Once certified, your certificate is valid for three years, subject to annual surveillance audits. These are shorter than the initial certification audit and focus on a subset of requirements to confirm continued compliance.
Surveillance and recertification
| Audit type | When | Scope |
|---|---|---|
| Surveillance audit 1 | ~12 months after certification | Subset of requirements, plus any areas flagged in initial audit |
| Surveillance audit 2 | ~24 months after certification | Different subset of requirements |
| Recertification audit | ~36 months (before expiry) | Full reassessment, similar to initial certification |
ISMS.online helps you stay audit-ready between assessments by maintaining a continuous record of policy reviews, risk updates, corrective actions and management review outputs — so you are never scrambling to prepare when the next surveillance audit is due.
Why choose ISMS.online for audit preparation?
- Centralised evidence: All policies, controls, risk assessments and audit records in one platform, ready for auditor review.
- Built-in audit management: Plan, execute and track internal audits with findings, corrective actions and follow-up — all linked to the relevant controls.
- Policy rollout and acceptance: Distribute policies to staff, track who has read and accepted them, and export adoption reports for auditors.
- Risk register with treatment plans: Demonstrate a systematic approach to privacy risk with linked controls, owners and review dates.
- Management review templates: Structured agendas and outputs that cover every input the standard requires.
- Continuous monitoring: Dashboards and KPIs show the current health of your PIMS at a glance, supporting surveillance audit readiness.
- Version-controlled documentation: Automatic version history and document check-out ensure auditors always see the current, approved version.
FAQs
How long does the ISO 27701:2025 certification audit take?
Stage 1 typically takes one to two days, and Stage 2 takes two to five days depending on the size and complexity of your organisation. There is usually a gap of four to eight weeks between Stage 1 and Stage 2 to allow you to address any findings.
Can the audit be conducted remotely?
Stage 1 is commonly conducted remotely. Stage 2 typically requires on-site presence, although many certification bodies now offer hybrid approaches combining remote and on-site assessment. Your certification body will confirm the approach during planning.

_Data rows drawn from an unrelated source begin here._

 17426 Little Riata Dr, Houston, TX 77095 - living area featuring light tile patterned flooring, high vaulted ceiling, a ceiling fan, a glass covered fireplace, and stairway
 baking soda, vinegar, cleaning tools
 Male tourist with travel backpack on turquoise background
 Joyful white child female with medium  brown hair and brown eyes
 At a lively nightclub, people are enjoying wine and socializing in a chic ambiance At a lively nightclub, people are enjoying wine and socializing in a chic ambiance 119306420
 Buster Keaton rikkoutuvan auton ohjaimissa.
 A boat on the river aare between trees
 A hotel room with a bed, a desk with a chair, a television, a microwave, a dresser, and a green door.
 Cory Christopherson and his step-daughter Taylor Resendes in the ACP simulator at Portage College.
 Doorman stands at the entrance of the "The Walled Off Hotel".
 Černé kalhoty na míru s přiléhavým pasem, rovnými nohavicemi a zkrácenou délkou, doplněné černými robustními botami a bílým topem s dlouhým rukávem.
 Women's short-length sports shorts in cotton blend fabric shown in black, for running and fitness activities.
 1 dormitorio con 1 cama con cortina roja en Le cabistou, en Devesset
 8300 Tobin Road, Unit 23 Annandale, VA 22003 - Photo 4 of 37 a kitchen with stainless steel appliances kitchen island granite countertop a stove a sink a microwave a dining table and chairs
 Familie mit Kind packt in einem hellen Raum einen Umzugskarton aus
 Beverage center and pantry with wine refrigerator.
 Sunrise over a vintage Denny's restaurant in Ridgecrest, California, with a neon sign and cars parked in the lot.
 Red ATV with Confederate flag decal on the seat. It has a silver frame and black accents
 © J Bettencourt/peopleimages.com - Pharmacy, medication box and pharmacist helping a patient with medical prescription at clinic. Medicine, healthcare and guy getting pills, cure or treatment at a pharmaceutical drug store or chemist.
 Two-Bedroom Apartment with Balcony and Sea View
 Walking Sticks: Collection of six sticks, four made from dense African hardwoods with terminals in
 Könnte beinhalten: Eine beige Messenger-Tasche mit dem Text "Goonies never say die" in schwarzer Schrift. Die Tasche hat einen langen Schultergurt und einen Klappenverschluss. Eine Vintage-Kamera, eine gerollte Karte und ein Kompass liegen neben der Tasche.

What happens if we receive a major nonconformity?
A major nonconformity means certification cannot be granted until the issue is resolved. You will need to implement corrective action and undergo a follow-up audit (or provide sufficient evidence) before the certification body can make a recommendation. This is not uncommon and does not mean your implementation has failed.
Do we need ISO 27001 before we can be audited for ISO 27701:2025?
ISO 27701:2025 can now be certified as a standalone standard, so ISO 27001 certification is no longer a prerequisite. However, if you already hold ISO 27001, the audit scope for ISO 27701 will focus on the privacy-specific additions.
How should we choose a certification body?
Look for a certification body accredited by a national accreditation body (such as UKAS in the UK). Consider their experience with ISO 27701 specifically, their auditor availability, and whether they offer integrated audits if you hold other ISO certifications. Request proposals from two or three bodies to compare approach, timeline and cost.